President Donald Trump’s critics have accused him of using the presidency to enrich himself and even of originally seeking the presidency as a marketing stunt to promote the Trump brand.
But evidence points in the opposite direction: seeking and obtaining the presidency has come at a significant financial cost to Trump and his companies.
Even while Trump was stacking up wins in primaries in New Hampshire, North Carolina, and Nevada, his longtime bankers were discovering their own bosses were no longer willing to extend credit to his companies, the New York Times reports.
According to the Times, Trump’s company contacted Deutsche Bank’s Rosemary Vrablic, who had long served as Trump’s contact with the German bank’s private banking group in New York, in early 2016 seeking a loan for its property in Scotland, Turnberry. The bankers in private banking initially greenlighted the loan but senior executives in New York objected, “arguing that Mr. Trump’s candidacy made such a loan unacceptably risky, the three people said. In part, they feared the bank’s reputation could be harmed if the transaction were to become public because of the polarizing statements Mr. Trump was making on the campaign trail.”
In other words, the senior Wall Street faction of Deutsche Bank objected to the loan for purely political reasons. They didn’t like the way Trump talked about immigration, trade, crime, and just about everything else. They worried lending to Trump would damage their bank’s reputation even though just a few months later American voters would choose Trump as their president.
The New York Times reports:
Officials in the private-banking unit protested that Deutsche Bank already had numerous outstanding loans to Mr. Trump and that there was no reason not to make another, two of the people said. The decision was appealed to Deutsche Bank’s top executives in Frankfurt.

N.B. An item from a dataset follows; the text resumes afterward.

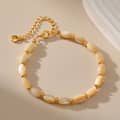 Trendy Handmade Adjustable Gold Plated Stainless Steel Natural Rice Shape Shell Beaded Bracelet 3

hat was the first time that some senior officials realized the extent of their bank’s dealings with Mr. Trump, the three people said.
The proposed loan was examined by an internal committee that is responsible for vetting transactions to ensure they do not pose serious risks to the bank’s reputation, the people said. That March, the committee unanimously rejected the loan. Christian Sewing — who was in charge of Deutsche Bank’s wealth-management division and would become chief executive two years later — was among those who made the final decision, the people said.
The Times adds that this rejected loan “will most likely draw the interest of congressional Democrats.”